Spanakopita (Greek appetizer)

If you enjoy entertaining as much as I do, you know that a hostess' best friend is her freezer.  Not only great for spur-of-the-moment entertaining, it's a great time-saver when you are planning a party in advance.  These Greek appetizers are one of my favorites.  I use them before dinner, for cocktail parties and, in a slightly larger size, for lunch or even a light dinner with a salad.
Just remember to plan in advance - phyllo must be defrosted overnight in the refrigerator.



1 medium onion, minced
2 tablespoons butter
1 package (10 to 12 oz.) frozen chopped spinach, thawed and squeezed dry
½ pound feta cheese, crumbled
½ pound farmer cheese
3 eggs, lightly beaten
Salt and freshly ground black pepper
Freshly grated nutmeg
1 cup fresh bread crumbs (2 slices bread)
1 box phyllo pastry sheets (contains 2 packages)
4 ounces melted butter

  1. Sauté onion in two tablespoons butter until golden. Add the spinach and cook over low heat, stirring occasionally until most of moisture has evaporated. Stir in the feta cheese, farmer cheese, eggs, salt, pepper, and nutmeg to taste, and add the bread crumbs.
  2. Cut one package of phyllo into four equal pieces.  Using one section at a time, and keeping the others well wrapped, brush one strip at a time with melted butter, cover with a second strip and brush that with melted butter.  Put one teaspoon of the spinach mixture at one end of the strip and fold over and over into a small triangle.
  3. Arrange the triangles on wax-paper covered cookie sheets and freeze.  
  4. Repeat with second package of phyllo.
  5. When frozen, transfer to containers.
When ready to bake, arrange triangles on parchment-lined cookie sheet, brush tops with melted butter and bake at 425° until golden.

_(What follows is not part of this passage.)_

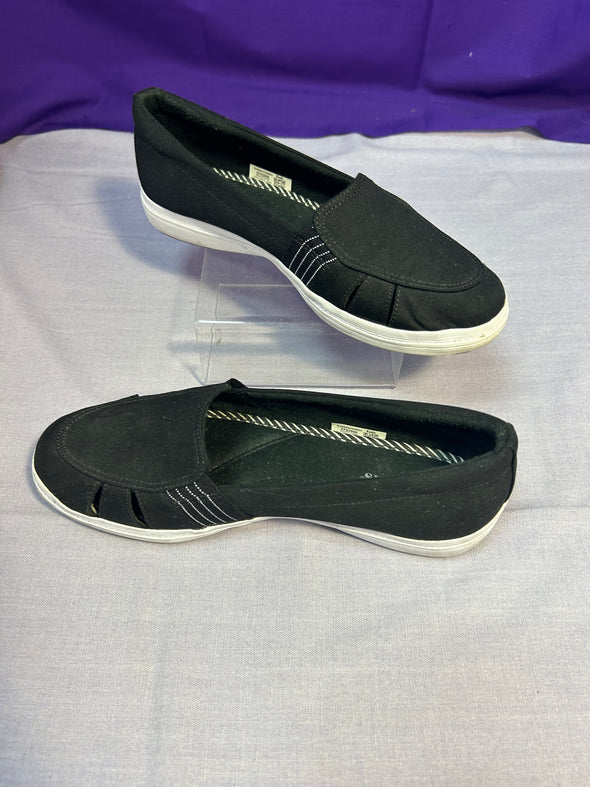 Slip-On Ladies Shoes, Black Canvas, Rubber Sole, 7W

Q. Hi Betty,  I just watched your video on spanakopita.  You make it look easy!  I  haven't made that in ages, but they are delicious. I recently bought fillo dough (Athens brand) to make strudel, and I am sure the sheets are smaller than they used to be. Is that so, or is it just me ??  Fran Boyer
A. Thanks so much Fran.  Yes, the sheets are smaller - like everything else!
Q.How about doing a video on cherry pie with Washington's Birthday coming up ?  I  plan to do it for a group in RI, and have a recipe, but haven't done one in a while.   Fran Boyer

A.   I'll be glad to do a cherry pie.  I was thinking about doing one on pie crust since my daughter Liz recently asked me to show her how to do that and a cherry filling sounds delicious.

    Spaghetti Carbonara

    Like many old recipes, this dish has a number of stories connected with it.  Some say it was a favorite of the charcoal makers and some give credit to coal miners.  Whoever invented it deserves a medal!  It is another one of these great pasta dishes that can be put together while the water comes to a boil.  If you plan ahead and keep some Parmegiano Reggiano cheese in the refrigerator, and pancetta in your freezer (I buy several ¼" thick slices at a time, usually each slice weighs about 2 oz., chop them and package them in 2 oz. quantities in plastic bags) you always have the ingredients for a delicious meal on hand.  Add a Caesar Salad and no one would guess you hadn't planned this for days!

    Spaghetti Carbonara

    4 oz. pancetta, chopped
    2 oz. pecorino (or locatelli) cheese, grated
    2 oz. parmesan, grated
    3 large eggs
    12 oz. spaghetti
    2 plump garlic cloves, peeled and smashed with the back of a knife
    2 oz. unsalted butter
    Freshly ground black pepper
    1. Put a large saucepan of water on to boil.
    2. Fry the pancetta on low heat until starting to brown.  Add the garlic and cook until the garlic is browned and the pancetta is golden and crisp.  Remove the garlic and any excess fat and discard.  Add the butter and keep the heat on  low.
    3. Whisk the eggs and add most of the cheeses.
    4.  Add 1 tablespoon of salt to the boiling water, add the spaghetti and when the water comes back to the boil, cook at a constant simmer for 6 minutes, or until al dente.
    5. When the pasta is ready, lift it from the water with a pasta fork or tongs and put it in the frying pan with the pancetta.  Don’t worry if a little water drops in the pan and don’t throw the rest of the pasta water away yet!
    6. Mix most of the cheese in with the eggs, keeping a small handful back for sprinkling over later.  Take the pan of spaghetti and pancetta off the heat.  Now quickly pour in the eggs and cheese and, using tongs or a long fork, lift up the spaghetti so it mixes easily with the egg mixture, which thickens but doesn’t scramble, and everything is coated.  Add extra pasta cooking water to keep it saucy (several tablespoons should do it).  You don’t want it wet, just moist.
    7. Serve immediately with a little sprinkling of the remaining cheese and a grating of black pepper.  If the dish does get a little dry before serving, splash in some more hot pasta water and the glossy sauciness will be revived.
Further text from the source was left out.